I recently returned from the Society of American Archivists annual meeting in Atlanta, Georgia—it was a bit warm, but a nice shower every afternoon cooled things off. I am “in-between” on some of my governance duties and so I had the opportunity to attend some programming. In addition, all of the sessions are now available for anyone who attended, so I can listen to everything I missed.
I had the opportunity to attend a morning session of the Teaching with Primary Sources Unconference, which is a day-long series focusing on instruction. My session included speakers from the Robert C. Williams Museum of Papermaking (Georgia Tech), the Fernbank Science Museum, and the Federal Reserve Bank of Atlanta focusing on their work with K-12 students. Some of the valuable observations they shared that are applicable to any teaching situation:
o For the Paper Museum, they realized that visitors wanted the practical, hands-on experience of making paper;
o For the Science Museum, the curators displayed objects at the beginning of a tour, and then after the visitors had chosen their favorites, a tour was tailored for their interests;
o The Science Museum also gave each of us in the audience a packet of shark teeth, as they do with their K-12 visitors. This was to illustrate that holding something in your hand helps you learn!
Another focus of the SAA meeting was the introduction of One Book, One Profession, where all SAA members read one book together. The book chosen was Teaching with Primary Sources–Ordered!
I completed my term as Chair of the Committee on Public Policy (COPP). Over the past year, COPP worked on letters and statements in regards to Copyright, the Los Angeles Port Authority Archives Closure, the Trans-Pacific Partnership Agreement, and the issue of Replevin within the state of California. Finally, we drafted an Information Brief: Archivists and Climate Change based on an advocacy request by ProjectAARC (Archivists Responding to Climate Change). SAA Council approved it with some minor revisions. Next year, the Committee will be examining Classification and Declassification issues for federal records, Congressional Records as Public Records, and the Public Records Status of Police Body Cam Video.
SAA’s reception was held at the Coca-Cola Museum where they had exhibits and visitors could sample different types of soda (pop, in my Midwestern mind). I enjoyed several helpings of root beer. However, I will most remember my visit to the National Center for Civil and Human Rights across the way, which also welcomed us. The museum, which was visually stunning and emotionally wrenching, was hosting a loan of Dr. King’s Papers from Morehouse College. On display were a 1958 handwritten outline of Dr. King’s sermon “A Knock at Midnight” and a 1963 handwritten Draft of “Loving Your Enemies” that would be included as a chapter in Strength to Love. Seeing Dr. King’s handwriting was an incredible experience.

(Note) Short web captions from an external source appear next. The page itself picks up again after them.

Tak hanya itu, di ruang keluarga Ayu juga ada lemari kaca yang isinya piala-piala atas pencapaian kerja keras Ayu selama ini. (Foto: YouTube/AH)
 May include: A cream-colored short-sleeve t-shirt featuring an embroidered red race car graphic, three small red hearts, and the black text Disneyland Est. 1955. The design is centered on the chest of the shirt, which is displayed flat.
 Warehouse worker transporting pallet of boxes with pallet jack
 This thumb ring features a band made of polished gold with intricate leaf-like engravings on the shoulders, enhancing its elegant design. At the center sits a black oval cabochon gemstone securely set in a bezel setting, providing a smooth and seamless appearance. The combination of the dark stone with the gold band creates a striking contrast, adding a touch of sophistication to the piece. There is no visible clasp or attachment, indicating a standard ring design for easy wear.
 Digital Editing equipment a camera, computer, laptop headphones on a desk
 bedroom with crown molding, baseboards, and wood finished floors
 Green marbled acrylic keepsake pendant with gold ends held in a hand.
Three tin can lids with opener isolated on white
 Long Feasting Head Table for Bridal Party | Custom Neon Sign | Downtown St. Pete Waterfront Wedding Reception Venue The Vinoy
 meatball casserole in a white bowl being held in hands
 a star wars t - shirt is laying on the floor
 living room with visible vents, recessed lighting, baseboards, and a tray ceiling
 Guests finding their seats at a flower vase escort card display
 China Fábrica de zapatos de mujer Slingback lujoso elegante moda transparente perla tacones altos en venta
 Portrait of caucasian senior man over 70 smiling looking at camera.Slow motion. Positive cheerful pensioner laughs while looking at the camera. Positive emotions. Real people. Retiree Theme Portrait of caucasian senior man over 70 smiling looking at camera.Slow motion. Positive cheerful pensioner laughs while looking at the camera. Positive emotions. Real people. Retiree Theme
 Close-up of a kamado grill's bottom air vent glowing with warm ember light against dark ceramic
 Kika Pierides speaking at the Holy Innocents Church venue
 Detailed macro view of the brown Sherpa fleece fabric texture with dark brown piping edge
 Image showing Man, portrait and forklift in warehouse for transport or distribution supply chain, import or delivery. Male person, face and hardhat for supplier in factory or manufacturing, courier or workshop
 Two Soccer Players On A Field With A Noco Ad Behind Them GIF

Finally, I gave a presentation as part of a panel focusing on Assessing Archives: Case Studies in Using Data as an Advocacy Tool. My main points focused on collection use analysis by using data from our outslips and LibAnswers; new efforts to better survey the faculty visiting Special Collections as we continue to build campus connections; and the history of assessing our web site and revising its content.
At the end of the week, during the Business Meeting, I was installed as the Vice-President/President-Elect for the Society of American Archivists. In 2016-2017, I will coordinate the Appointments Committee, which oversees volunteer and committee appointments for the entire organization. I am also assisting in organizing an SAA Council meeting with archivists in Mexico in order to build closer international relationships. There will be lots to do, and I am looking forward to getting started!